──────── Data listing ────────

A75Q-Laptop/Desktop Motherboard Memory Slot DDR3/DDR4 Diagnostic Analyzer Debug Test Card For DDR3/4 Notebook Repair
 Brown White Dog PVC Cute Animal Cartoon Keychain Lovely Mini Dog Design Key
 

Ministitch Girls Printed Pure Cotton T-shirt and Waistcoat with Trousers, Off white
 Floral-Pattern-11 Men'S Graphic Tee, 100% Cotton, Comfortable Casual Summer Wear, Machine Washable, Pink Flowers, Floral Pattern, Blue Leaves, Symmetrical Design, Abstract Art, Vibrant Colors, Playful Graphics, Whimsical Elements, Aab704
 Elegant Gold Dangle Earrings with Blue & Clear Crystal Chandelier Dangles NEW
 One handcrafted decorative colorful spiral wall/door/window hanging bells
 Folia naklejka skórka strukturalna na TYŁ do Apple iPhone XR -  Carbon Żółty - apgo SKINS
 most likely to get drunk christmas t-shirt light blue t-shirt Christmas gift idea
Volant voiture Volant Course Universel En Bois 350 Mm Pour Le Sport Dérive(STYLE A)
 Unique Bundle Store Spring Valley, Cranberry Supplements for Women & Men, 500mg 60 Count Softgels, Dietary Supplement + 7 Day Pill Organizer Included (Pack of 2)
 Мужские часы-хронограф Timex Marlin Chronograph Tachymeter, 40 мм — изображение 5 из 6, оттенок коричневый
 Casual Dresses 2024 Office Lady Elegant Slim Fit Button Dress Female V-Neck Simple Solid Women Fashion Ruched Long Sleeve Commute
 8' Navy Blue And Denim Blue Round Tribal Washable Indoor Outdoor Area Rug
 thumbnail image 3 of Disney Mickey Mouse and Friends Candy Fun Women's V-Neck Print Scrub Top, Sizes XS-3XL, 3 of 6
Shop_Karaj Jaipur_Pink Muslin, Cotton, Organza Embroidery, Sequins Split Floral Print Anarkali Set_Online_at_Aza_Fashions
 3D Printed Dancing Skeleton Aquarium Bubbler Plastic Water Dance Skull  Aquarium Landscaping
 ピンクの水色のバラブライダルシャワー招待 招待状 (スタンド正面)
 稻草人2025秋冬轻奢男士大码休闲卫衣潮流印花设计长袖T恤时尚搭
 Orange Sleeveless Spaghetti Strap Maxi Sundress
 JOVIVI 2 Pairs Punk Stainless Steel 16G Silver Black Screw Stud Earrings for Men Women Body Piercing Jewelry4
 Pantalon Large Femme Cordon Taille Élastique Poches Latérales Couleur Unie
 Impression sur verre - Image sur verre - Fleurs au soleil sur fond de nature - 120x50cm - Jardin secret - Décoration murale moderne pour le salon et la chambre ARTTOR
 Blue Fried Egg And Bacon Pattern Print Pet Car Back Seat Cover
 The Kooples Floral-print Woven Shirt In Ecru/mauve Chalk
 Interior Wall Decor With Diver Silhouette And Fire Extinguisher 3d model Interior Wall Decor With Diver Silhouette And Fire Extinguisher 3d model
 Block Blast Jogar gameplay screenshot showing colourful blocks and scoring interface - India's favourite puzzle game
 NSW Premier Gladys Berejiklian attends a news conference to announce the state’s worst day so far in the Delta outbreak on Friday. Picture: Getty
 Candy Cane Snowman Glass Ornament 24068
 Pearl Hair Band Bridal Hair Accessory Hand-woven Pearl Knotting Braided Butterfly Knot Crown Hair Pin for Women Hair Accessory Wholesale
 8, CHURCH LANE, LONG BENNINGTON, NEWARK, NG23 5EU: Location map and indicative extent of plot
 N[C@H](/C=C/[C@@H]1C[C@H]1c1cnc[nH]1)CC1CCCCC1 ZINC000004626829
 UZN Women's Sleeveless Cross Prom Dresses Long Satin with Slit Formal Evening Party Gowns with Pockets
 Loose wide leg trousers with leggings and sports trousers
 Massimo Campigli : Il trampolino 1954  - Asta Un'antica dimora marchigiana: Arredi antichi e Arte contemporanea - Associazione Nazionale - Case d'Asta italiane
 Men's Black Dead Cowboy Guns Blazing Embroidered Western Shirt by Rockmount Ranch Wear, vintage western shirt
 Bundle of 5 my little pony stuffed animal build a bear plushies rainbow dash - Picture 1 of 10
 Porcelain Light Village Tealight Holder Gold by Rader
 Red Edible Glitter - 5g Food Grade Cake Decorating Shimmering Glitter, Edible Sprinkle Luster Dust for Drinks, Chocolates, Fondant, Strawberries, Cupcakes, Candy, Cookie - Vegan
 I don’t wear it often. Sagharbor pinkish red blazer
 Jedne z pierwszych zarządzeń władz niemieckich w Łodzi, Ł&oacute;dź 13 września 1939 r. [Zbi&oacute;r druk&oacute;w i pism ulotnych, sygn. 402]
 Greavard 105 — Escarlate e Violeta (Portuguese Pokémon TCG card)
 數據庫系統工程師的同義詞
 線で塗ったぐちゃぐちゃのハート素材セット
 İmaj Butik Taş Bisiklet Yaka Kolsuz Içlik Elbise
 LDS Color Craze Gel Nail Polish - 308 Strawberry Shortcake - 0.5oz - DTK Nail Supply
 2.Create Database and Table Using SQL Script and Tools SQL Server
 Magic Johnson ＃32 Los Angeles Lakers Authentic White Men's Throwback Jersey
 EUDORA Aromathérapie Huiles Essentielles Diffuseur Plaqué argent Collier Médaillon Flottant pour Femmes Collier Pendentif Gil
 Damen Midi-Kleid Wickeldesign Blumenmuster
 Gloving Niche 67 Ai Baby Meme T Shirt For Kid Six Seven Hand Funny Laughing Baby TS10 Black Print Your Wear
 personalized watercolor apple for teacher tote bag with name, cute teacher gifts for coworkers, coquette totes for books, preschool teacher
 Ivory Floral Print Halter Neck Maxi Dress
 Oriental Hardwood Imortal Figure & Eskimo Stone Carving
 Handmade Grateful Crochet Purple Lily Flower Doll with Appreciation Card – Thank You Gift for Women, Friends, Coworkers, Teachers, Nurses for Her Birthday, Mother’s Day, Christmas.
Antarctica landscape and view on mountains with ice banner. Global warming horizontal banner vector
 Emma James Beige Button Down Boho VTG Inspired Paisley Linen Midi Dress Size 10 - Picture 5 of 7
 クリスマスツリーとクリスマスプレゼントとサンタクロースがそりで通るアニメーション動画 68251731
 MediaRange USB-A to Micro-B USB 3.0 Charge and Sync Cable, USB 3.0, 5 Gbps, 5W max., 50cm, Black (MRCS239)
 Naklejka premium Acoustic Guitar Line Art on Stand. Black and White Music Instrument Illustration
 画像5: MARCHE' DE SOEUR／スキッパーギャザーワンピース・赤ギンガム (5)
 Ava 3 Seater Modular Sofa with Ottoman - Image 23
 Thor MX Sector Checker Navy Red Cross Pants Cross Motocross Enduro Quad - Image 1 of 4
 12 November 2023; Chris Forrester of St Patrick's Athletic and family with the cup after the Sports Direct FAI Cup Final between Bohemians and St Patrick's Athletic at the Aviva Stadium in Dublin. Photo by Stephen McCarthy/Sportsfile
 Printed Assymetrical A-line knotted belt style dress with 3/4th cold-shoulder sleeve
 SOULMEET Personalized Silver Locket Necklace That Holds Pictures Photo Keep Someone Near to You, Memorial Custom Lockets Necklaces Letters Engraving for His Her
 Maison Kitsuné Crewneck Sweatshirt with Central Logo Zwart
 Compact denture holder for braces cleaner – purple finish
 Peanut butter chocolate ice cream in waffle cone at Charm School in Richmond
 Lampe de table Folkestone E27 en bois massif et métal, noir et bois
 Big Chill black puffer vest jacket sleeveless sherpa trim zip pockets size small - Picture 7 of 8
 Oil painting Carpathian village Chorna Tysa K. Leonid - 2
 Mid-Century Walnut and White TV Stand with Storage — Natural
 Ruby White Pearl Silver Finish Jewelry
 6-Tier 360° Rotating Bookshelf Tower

────────

**Directions for this task**
Starting at the top of the listing above, write out every line exactly as it appears.

**Answer space**
A75Q-Laptop/Desktop Motherboard Memory Slot DDR3/DDR4 Diagnostic Analyzer Debug Test Card For DDR3/4 Notebook Repair
 Brown White Dog PVC Cute Animal Cartoon Keychain Lovely Mini Dog Design Key
 

Ministitch Girls Printed Pure Cotton T-shirt and Waistcoat with Trousers, Off white
 Floral-Pattern-11 Men'S Graphic Tee, 100% Cotton, Comfortable Casual Summer Wear, Machine Washable, Pink Flowers, Floral Pattern, Blue Leaves, Symmetrical Design, Abstract Art, Vibrant Colors, Playful Graphics, Whimsical Elements, Aab704
 Elegant Gold Dangle Earrings with Blue & Clear Crystal Chandelier Dangles NEW
 One handcrafted decorative colorful spiral wall/door/window hanging bells
 Folia naklejka skórka strukturalna na TYŁ do Apple iPhone XR -  Carbon Żółty - apgo SKINS
 most likely to get drunk christmas t-shirt light blue t-shirt Christmas gift idea
Volant voiture Volant Course Universel En Bois 350 Mm Pour Le Sport Dérive(STYLE A)
 Unique Bundle Store Spring Valley, Cranberry Supplements for Women & Men, 500mg 60 Count Softgels, Dietary Supplement + 7 Day Pill Organizer Included (Pack of 2)
 Мужские часы-хронограф Timex Marlin Chronograph Tachymeter, 40 мм — изображение 5 из 6, оттенок коричневый
 Casual Dresses 2024 Office Lady Elegant Slim Fit Button Dress Female V-Neck Simple Solid Women Fashion Ruched Long Sleeve Commute
 8' Navy Blue And Denim Blue Round Tribal Washable Indoor Outdoor Area Rug
 thumbnail image 3 of Disney Mickey Mouse and Friends Candy Fun Women's V-Neck Print Scrub Top, Sizes XS-3XL, 3 of 6
Shop_Karaj Jaipur_Pink Muslin, Cotton, Organza Embroidery, Sequins Split Floral Print Anarkali Set_Online_at_Aza_Fashions
 3D Printed Dancing Skeleton Aquarium Bubbler Plastic Water Dance Skull  Aquarium Landscaping
 ピンクの水色のバラブライダルシャワー招待 招待状 (スタンド正面)
 稻草人2025秋冬轻奢男士大码休闲卫衣潮流印花设计长袖T恤时尚搭
 Orange Sleeveless Spaghetti Strap Maxi Sundress
 JOVIVI 2 Pairs Punk Stainless Steel 16G Silver Black Screw Stud Earrings for Men Women Body Piercing Jewelry4
 Pantalon Large Femme Cordon Taille Élastique Poches Latérales Couleur Unie
 Impression sur verre - Image sur verre - Fleurs au soleil sur fond de nature - 120x50cm - Jardin secret - Décoration murale moderne pour le salon et la chambre ARTTOR
 Blue Fried Egg And Bacon Pattern Print Pet Car Back Seat Cover
 The Kooples Floral-print Woven Shirt In Ecru/mauve Chalk
 Interior Wall Decor With Diver Silhouette And Fire Extinguisher 3d model Interior Wall Decor With Diver Silhouette And Fire Extinguisher 3d model
 Block Blast Jogar gameplay screenshot showing colourful blocks and scoring interface - India's favourite puzzle game
 NSW Premier Gladys Berejiklian attends a news conference to announce the state’s worst day so far in the Delta outbreak on Friday. Picture: Getty
 Candy Cane Snowman Glass Ornament 24068
 Pearl Hair Band Bridal Hair Accessory Hand-woven Pearl Knotting Braided Butterfly Knot Crown Hair Pin for Women Hair Accessory Wholesale
 8, CHURCH LANE, LONG BENNINGTON, NEWARK, NG23 5EU: Location map and indicative extent of plot
 N[C@H](/C=C/[C@@H]1C[C@H]1c1cnc[nH]1)CC1CCCCC1 ZINC000004626829
 UZN Women's Sleeveless Cross Prom Dresses Long Satin with Slit Formal Evening Party Gowns with Pockets
 Loose wide leg trousers with leggings and sports trousers
 Massimo Campigli : Il trampolino 1954  - Asta Un'antica dimora marchigiana: Arredi antichi e Arte contemporanea - Associazione Nazionale - Case d'Asta italiane
 Men's Black Dead Cowboy Guns Blazing Embroidered Western Shirt by Rockmount Ranch Wear, vintage western shirt
 Bundle of 5 my little pony stuffed animal build a bear plushies rainbow dash - Picture 1 of 10
 Porcelain Light Village Tealight Holder Gold by Rader
 Red Edible Glitter - 5g Food Grade Cake Decorating Shimmering Glitter, Edible Sprinkle Luster Dust for Drinks, Chocolates, Fondant, Strawberries, Cupcakes, Candy, Cookie - Vegan
 I don’t wear it often. Sagharbor pinkish red blazer
 Jedne z pierwszych zarządzeń władz niemieckich w Łodzi, Ł&oacute;dź 13 września 1939 r. [Zbi&oacute;r druk&oacute;w i pism ulotnych, sygn. 402]
 Greavard 105 — Escarlate e Violeta (Portuguese Pokémon TCG card)
 數據庫系統工程師的同義詞
 線で塗ったぐちゃぐちゃのハート素材セット
 İmaj Butik Taş Bisiklet Yaka Kolsuz Içlik Elbise
 LDS Color Craze Gel Nail Polish - 308 Strawberry Shortcake - 0.5oz - DTK Nail Supply
 2.Create Database and Table Using SQL Script and Tools SQL Server
 Magic Johnson ＃32 Los Angeles Lakers Authentic White Men's Throwback Jersey
 EUDORA Aromathérapie Huiles Essentielles Diffuseur Plaqué argent Collier Médaillon Flottant pour Femmes Collier Pendentif Gil
 Damen Midi-Kleid Wickeldesign Blumenmuster
 Gloving Niche 67 Ai Baby Meme T Shirt For Kid Six Seven Hand Funny Laughing Baby TS10 Black Print Your Wear
 personalized watercolor apple for teacher tote bag with name, cute teacher gifts for coworkers, coquette totes for books, preschool teacher
 Ivory Floral Print Halter Neck Maxi Dress
 Oriental Hardwood Imortal Figure & Eskimo Stone Carving
 Handmade Grateful Crochet Purple Lily Flower Doll with Appreciation Card – Thank You Gift for Women, Friends, Coworkers, Teachers, Nurses for Her Birthday, Mother’s Day, Christmas.
Antarctica landscape and view on mountains with ice banner. Global warming horizontal banner vector
 Emma James Beige Button Down Boho VTG Inspired Paisley Linen Midi Dress Size 10 - Picture 5 of 7
 クリスマスツリーとクリスマスプレゼントとサンタクロースがそりで通るアニメーション動画 68251731
 MediaRange USB-A to Micro-B USB 3.0 Charge and Sync Cable, USB 3.0, 5 Gbps, 5W max., 50cm, Black (MRCS239)
 Naklejka premium Acoustic Guitar Line Art on Stand. Black and White Music Instrument Illustration
 画像5: MARCHE' DE SOEUR／スキッパーギャザーワンピース・赤ギンガム (5)
 Ava 3 Seater Modular Sofa with Ottoman - Image 23
 Thor MX Sector Checker Navy Red Cross Pants Cross Motocross Enduro Quad - Image 1 of 4
 12 November 2023; Chris Forrester of St Patrick's Athletic and family with the cup after the Sports Direct FAI Cup Final between Bohemians and St Patrick's Athletic at the Aviva Stadium in Dublin. Photo by Stephen McCarthy/Sportsfile
 Printed Assymetrical A-line knotted belt style dress with 3/4th cold-shoulder sleeve
 SOULMEET Personalized Silver Locket Necklace That Holds Pictures Photo Keep Someone Near to You, Memorial Custom Lockets Necklaces Letters Engraving for His Her
 Maison Kitsuné Crewneck Sweatshirt with Central Logo Zwart
 Compact denture holder for braces cleaner – purple finish
 Peanut butter chocolate ice cream in waffle cone at Charm School in Richmond
 Lampe de table Folkestone E27 en bois massif et métal, noir et bois
 Big Chill black puffer vest jacket sleeveless sherpa trim zip pockets size small - Picture 7 of 8
 Oil painting Carpathian village Chorna Tysa K. Leonid - 2
 Mid-Century Walnut and White TV Stand with Storage — Natural
 Ruby White Pearl Silver Finish Jewelry
 6-Tier 360° Rotating Bookshelf Tower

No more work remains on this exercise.